We are too easily misled, in exhorting American authors to a proper humility, because we forget that the invention of printing has in a manner placed all nations on a level. Literature is the only art whose choicest works are easily transportable. Once secure a public library in every town—a condition now in process [48] of fulfilment in our older American States —and every bright boy or girl has a literary Louvre and Vatican at command. Given a taste for literature and there are at hand all the masters of the art—Plato and Homer, Cicero and Horace, Dante, Shakespeare, and Goethe. Travel is still needed, but not for books—only for other forms of art, for variety of acquaintanceship, and for the habit of dealing with men and women of many nationalities. The most fastidious American in Europe should not look with shame, but with pride and hope, upon those throngs of his fellow-countrymen whom he sees crowding the art-galleries of Europe, looking about them as ignorantly, if you please, as the German barbarians when they entered Rome. It is not so hard to gain culture; the thing almost impossible to obtain, unless it be born in us, is the spirit of initiative, of self-confidence. That is the gift with which great nations begin; we now owe our chief knowledge of Roman literature and art to the descendants of those Northern barbarians.
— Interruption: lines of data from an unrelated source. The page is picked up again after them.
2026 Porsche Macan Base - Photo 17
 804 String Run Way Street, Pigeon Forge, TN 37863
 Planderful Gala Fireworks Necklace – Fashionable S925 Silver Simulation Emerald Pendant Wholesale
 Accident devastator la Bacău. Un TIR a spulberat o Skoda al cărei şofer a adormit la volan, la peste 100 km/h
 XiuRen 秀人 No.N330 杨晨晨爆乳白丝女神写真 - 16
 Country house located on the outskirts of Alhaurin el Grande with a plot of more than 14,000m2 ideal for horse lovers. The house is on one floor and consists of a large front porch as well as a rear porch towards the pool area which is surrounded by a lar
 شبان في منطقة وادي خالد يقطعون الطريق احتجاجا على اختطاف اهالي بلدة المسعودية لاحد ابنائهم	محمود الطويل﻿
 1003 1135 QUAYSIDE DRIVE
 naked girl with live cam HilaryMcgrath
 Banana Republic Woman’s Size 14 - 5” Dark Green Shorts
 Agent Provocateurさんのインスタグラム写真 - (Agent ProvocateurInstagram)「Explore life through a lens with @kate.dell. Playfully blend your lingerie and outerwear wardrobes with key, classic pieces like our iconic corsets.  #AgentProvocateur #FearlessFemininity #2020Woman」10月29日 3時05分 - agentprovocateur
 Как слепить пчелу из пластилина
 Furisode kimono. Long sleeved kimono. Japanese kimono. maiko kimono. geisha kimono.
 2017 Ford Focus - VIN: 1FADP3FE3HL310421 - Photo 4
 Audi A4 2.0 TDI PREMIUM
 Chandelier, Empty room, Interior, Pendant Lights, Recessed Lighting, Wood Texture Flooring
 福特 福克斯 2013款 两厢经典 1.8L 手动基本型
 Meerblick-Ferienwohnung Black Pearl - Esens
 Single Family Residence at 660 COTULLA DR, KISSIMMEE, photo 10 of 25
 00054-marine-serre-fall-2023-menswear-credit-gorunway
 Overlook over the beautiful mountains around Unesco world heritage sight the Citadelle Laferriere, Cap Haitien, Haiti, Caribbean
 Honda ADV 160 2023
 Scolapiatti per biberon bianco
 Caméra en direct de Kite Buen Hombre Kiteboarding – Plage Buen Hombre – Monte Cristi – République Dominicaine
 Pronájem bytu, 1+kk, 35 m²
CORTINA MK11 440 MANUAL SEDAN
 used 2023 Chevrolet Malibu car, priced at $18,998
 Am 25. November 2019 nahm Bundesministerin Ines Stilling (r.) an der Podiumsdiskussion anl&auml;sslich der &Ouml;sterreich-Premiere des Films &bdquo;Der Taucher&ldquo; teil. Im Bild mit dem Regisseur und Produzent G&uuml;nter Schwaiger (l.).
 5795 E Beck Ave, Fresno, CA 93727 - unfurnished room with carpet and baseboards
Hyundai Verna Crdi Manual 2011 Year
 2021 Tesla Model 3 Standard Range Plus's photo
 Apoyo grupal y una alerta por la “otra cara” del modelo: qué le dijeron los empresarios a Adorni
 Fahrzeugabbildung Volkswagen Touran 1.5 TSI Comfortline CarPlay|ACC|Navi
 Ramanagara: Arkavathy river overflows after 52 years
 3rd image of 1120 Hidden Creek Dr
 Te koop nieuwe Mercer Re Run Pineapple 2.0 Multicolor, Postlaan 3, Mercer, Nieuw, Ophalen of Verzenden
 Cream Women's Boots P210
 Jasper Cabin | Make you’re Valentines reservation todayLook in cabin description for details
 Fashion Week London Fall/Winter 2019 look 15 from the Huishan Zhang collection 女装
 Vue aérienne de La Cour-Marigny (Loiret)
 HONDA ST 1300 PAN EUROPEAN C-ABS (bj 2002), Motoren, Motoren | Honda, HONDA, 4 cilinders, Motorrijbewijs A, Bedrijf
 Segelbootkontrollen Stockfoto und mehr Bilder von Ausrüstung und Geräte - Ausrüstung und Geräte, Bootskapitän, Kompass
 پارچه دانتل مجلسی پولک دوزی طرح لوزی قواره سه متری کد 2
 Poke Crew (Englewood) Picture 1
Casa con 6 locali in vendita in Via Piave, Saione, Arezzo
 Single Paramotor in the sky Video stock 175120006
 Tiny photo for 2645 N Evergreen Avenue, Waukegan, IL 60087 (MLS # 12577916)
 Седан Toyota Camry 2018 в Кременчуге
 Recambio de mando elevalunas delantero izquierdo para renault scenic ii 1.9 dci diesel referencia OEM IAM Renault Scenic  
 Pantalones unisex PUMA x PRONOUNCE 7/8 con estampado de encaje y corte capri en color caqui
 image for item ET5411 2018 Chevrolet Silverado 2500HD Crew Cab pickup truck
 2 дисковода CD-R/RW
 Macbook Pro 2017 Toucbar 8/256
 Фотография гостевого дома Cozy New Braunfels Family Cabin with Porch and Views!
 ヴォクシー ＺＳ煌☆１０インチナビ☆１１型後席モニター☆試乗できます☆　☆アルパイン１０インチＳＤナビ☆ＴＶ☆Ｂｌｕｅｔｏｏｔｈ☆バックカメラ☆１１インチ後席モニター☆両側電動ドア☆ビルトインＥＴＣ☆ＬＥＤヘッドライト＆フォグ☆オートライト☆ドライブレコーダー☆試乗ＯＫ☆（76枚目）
And it must be kept in view, finally, that a cosmopolitan tribunal is at best but a court of [49] appeal, and is commonly valuable in proportion as the courts of preliminary jurisdiction have done their duty. The best preparation for going abroad is to know the worth of what one has seen at home. I remember to have been impressed with a little sense of dismay, on first nearing the shores of Europe, at the thought of what London and Paris might show me in the way of great human personalities; but I said to myself, ‘To one who has heard Emerson lecture, and Parker preach, and Garrison thunder, and Phillips persuade, there is no reason why Darwin or Victor Hugo should pass for more than mortal;’ and accordingly they did not. We shall not prepare ourselves for a cosmopolitan standard by ignoring our own great names or undervaluing the literary tradition that has produced them. When Stuart Newton, the artist, was asked, on first arriving in London from America, whether he did not enjoy the change, he answered honestly, ‘I here see such society occasionally, as I saw at home all the time.’ At this day the self-respecting American sometimes hears admissions in Europe which make him feel that we are already creating [50] a standard, not waiting to be judged by one. The most variously accomplished literary critic in England, the late Mark Pattison, said to me of certain American books then lately published, ‘Is such careful writing appreciated in the United States? It would not be in England.’ On the shores of a new continent, then, there was already a standard which was in one respect better than the cosmopolitan.